------ Data to examine
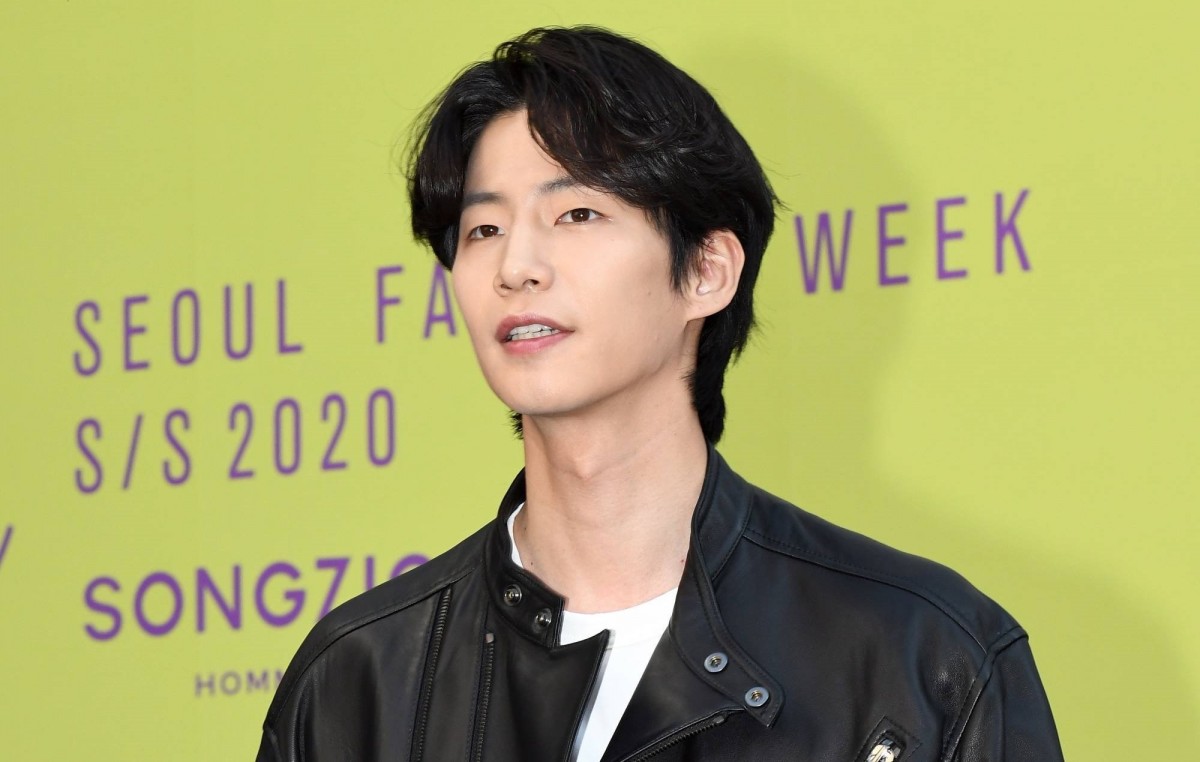 Hé lộ nguyên nhân Song Jae Rim qua đời: Do bị fan cuồng quấy rối?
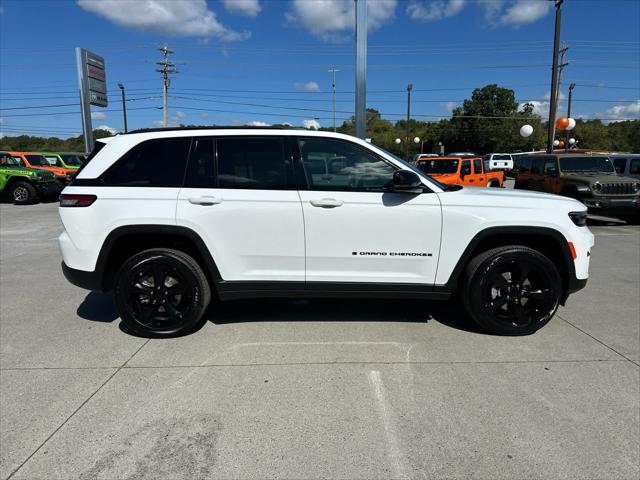 2025 Jeep Grand Cherokee Altitude X 4x4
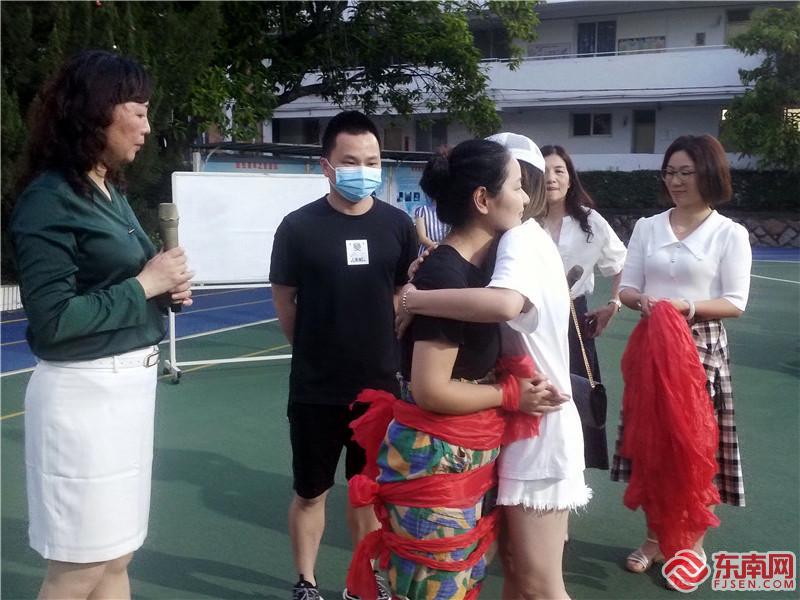 家长学会给孩子松绑 东南网记者张立庆摄.jpg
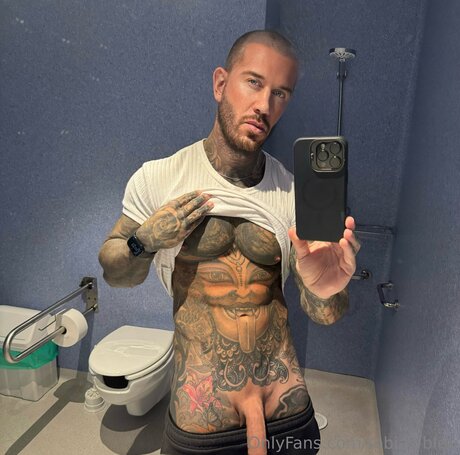 Tobias Bleu 美しいモデル 画像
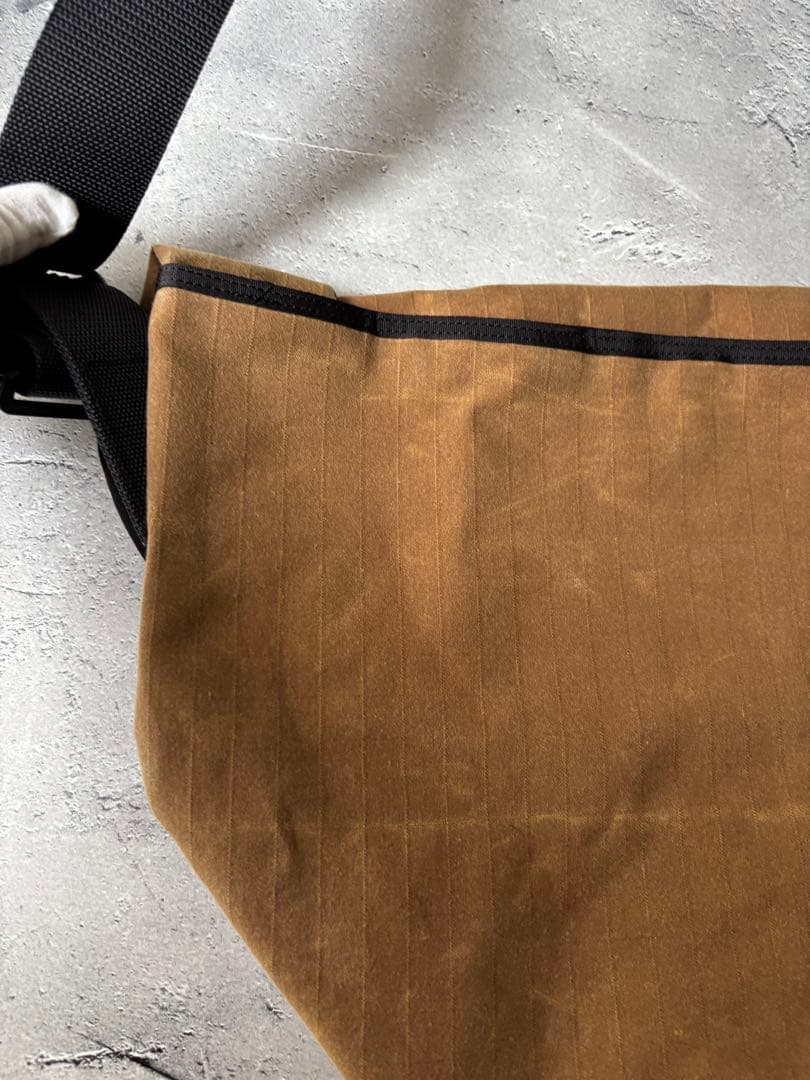 シュタク　shtak　ブルーラグメッセンジャーバッグ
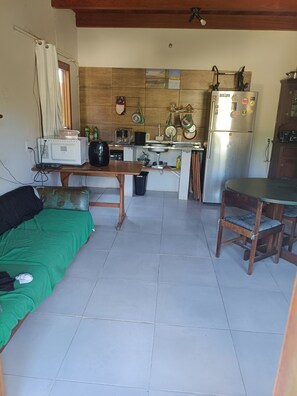 Interior - Cozy house 10 minutes walking distance from Campeche beach. (Florianópolis)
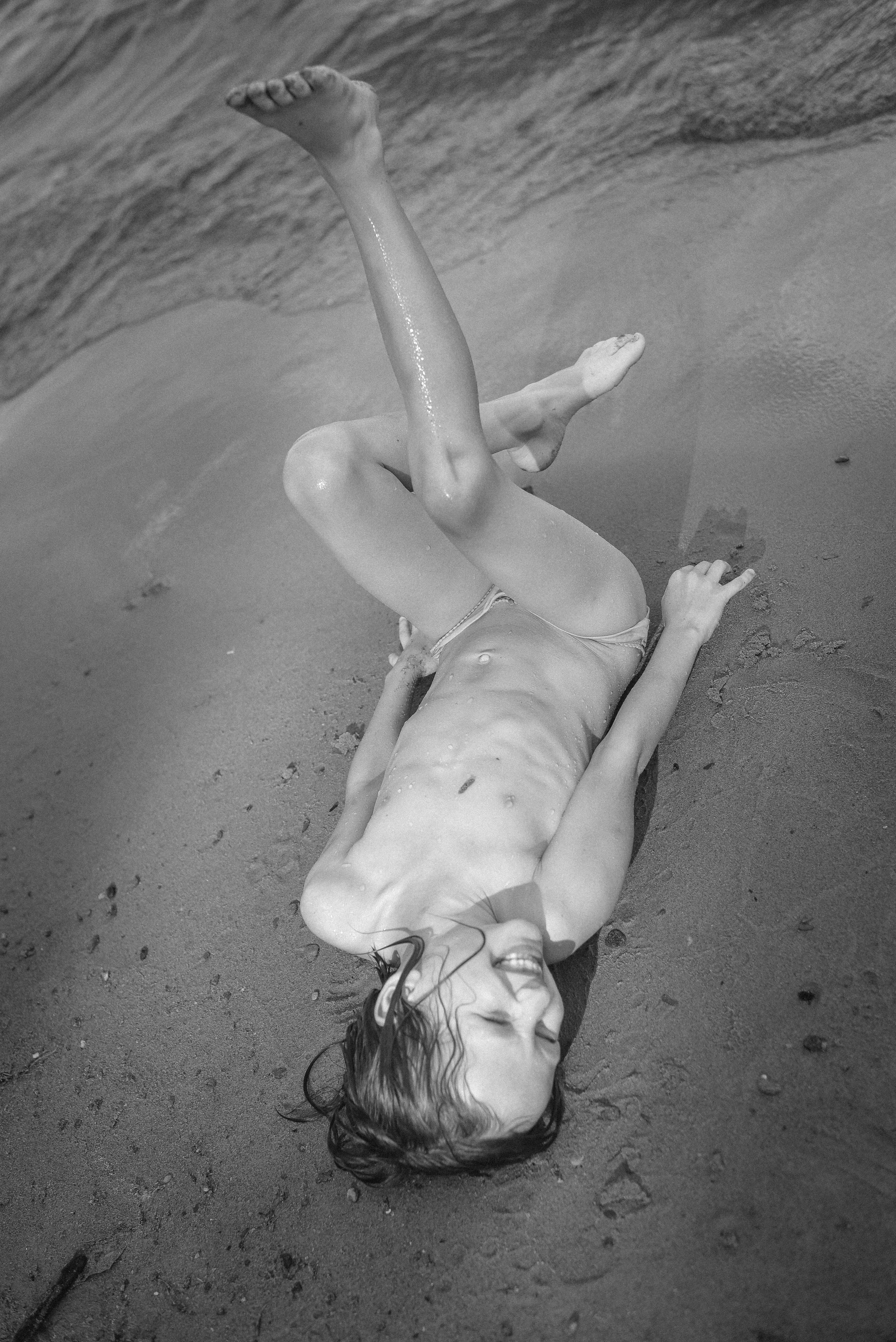 Берег, рак и капибара. Детский и семейный фотограф в Новосибирске Саша Дорошенко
------------
Do not include the images; transcribe the rest of the listing exactly.

 Hé lộ nguyên nhân Song Jae Rim qua đời: Do bị fan cuồng quấy rối?
 2025 Jeep Grand Cherokee Altitude X 4x4
 家长学会给孩子松绑 东南网记者张立庆摄.jpg
 Tobias Bleu 美しいモデル 画像
 シュタク　shtak　ブルーラグメッセンジャーバッグ
 Interior - Cozy house 10 minutes walking distance from Campeche beach. (Florianópolis)
 Берег, рак и капибара. Детский и семейный фотограф в Новосибирске Саша Дорошенко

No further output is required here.